La possibilità di operare il bloccaggio della massa rocciosa probabilmente instabile è stata dichiarata da tecnici e da ditte esperte nel settore; io stesso, ancora nel giugno scorso, proponevo un’azione diretta sul masso, condotta con estrema cautela, eseguendo fori di ancoraggio lungo i lati della roccia con carotatrici a punta diamantata a sola rotazione, bloccando nei fori robusti anelli di ancoraggio e tendendo da questi sopra il masso una ragnatela di potenti funi d’acciaio. Successivamente si indicava inoltre la possibilità di chiodare il pinnacolo alla parete, come già realizzato sulla Paganella a monte di Zambana Vecchia. Naturalmente era necessario, preliminarmente, porre in opera sulle fessurazioni degli strumenti di monitoraggio e di allarme.

Non si comprendeva infine come si potesse realizzare il vallo tomo in sicurezza durante il grande lavoro di scavo e riporto nella paleofrana che ricopre il versante, senza produrre pericolose vibrazioni e azioni dinamiche sul masso in esame, nelle operazioni di scavo, spostamento, sollevamento, scarico dei blocchi ciclopici esistenti.

La reazione dei cittadini

Il comportamento dei moriani e della tribù delle Fratte è stato di calma esemplare, sempre improntato alla forza della ragione e fortemente determinato a sostenere la battaglia per salvaguardare il loro territorio. Le Fratte hanno unito i moriani in un fraterno, ritrovato incontro.

Ma purtroppo il comportamento dei politici e dei tecnici provinciali è stato diametralmente opposto, chiuso a qualsiasi discussione o confronto. E anche la nomina del superperito del Politecnico di Torino non convince affatto. Troppe volte i cosiddetti luminari sono stati chiamati per ribadire pareri tecno-politici locali già decisi, e c’è voluto un tenace e generoso sforzo collettivo per far prevalere la ragione. L’aver levato dal cappello il nome di questo tecnico, senza alcuna ricerca o discussione, non fa ben sperare.

Speriamo di sbagliare.

Gli errori del passato

Purtroppo, per chi abbia memoria storica, questo comportamento ottuso di tecnici e di politici, ha seguito spesso le vicende trentine e solo il generoso e tenace intervento di cittadini, di gruppi spontanei, di associazioni ambientaliste, di movimenti d’opinione locale e nazionale, ha bloccato iniziative del tutto illogiche e fortemente negative.

A titolo di esempio:

- In Val di Genova si era progettata la captazione dell’acqua delle famose cascate ed i lavori erano in forte avanzamento.

- A Piedicastello, a seguito di piccoli franamenti, fu ordinato lo sgombero delle antiche case sotto il Doss Trent.
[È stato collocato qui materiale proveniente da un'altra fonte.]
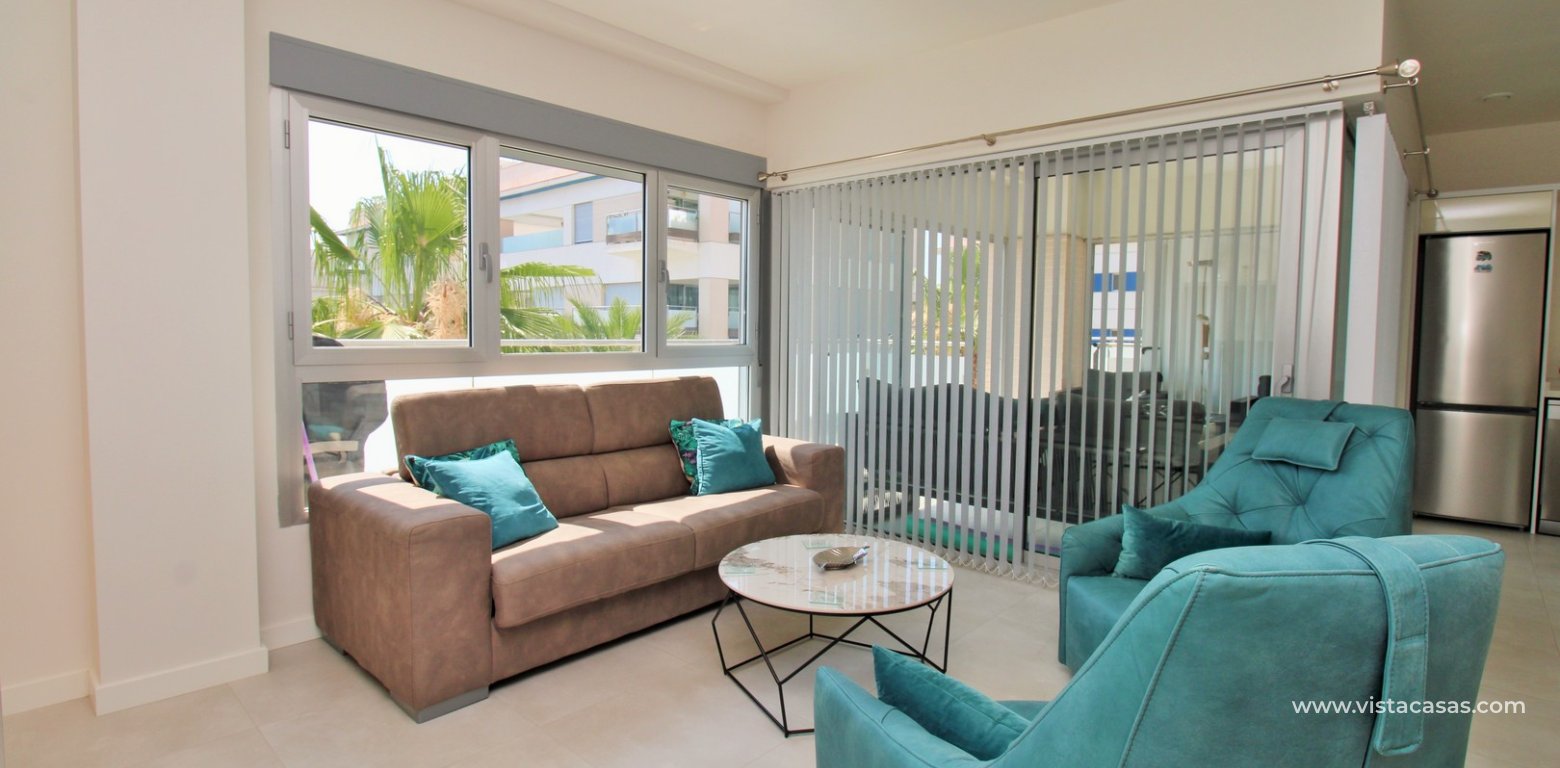 2 Bedroom Pool View Apartment For Sale In Mirador de Villamartin Los Dolses living area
- A San Lorenzo in Banale, venne prevista la costruzione di un’acciaieria e tutti erano d’accordo, dai democristiani ai comunisti. Per bloccare l’illogico progetto ci volle una sentenza del Consiglio di Stato.

- A Trento era previsto un aeroporto commerciale, con utenza di 500.000 abitanti, che non teneva conto di quella assorbita dagli aereoporti limitrofi. Dopo qualche anno si tornò alla ragione.

- A Capriana venne autorizzata una grande discarica nell’alveo dell’Avisio, con relativa strada d’accesso. Una donna, innamorata del suo fiume, riuscì ad affondare la corazzata di tecnici e politici

- In Provincia i politici ed i tecnici, anche a livello universitario, ritenevano necessario realizzare un grande inceneritore, inizialmente per ben 330.000 tonnellate annue di rifiuti. La tenace opposizione, e la contemporanea spinta verso la raccolta differenziata, portarono a negare la necessità di costruzione della grande macchina energivora e produttrice di inquinamento.

I casi citati sembravano ormai irrimediabilmente decisi e finanziati, ma si riuscì a bloccarli, anche se erano ormai in itinere.

* * *

L’ing. Paolo Mayr è un esperto nel consolidamento di strutture pericolanti.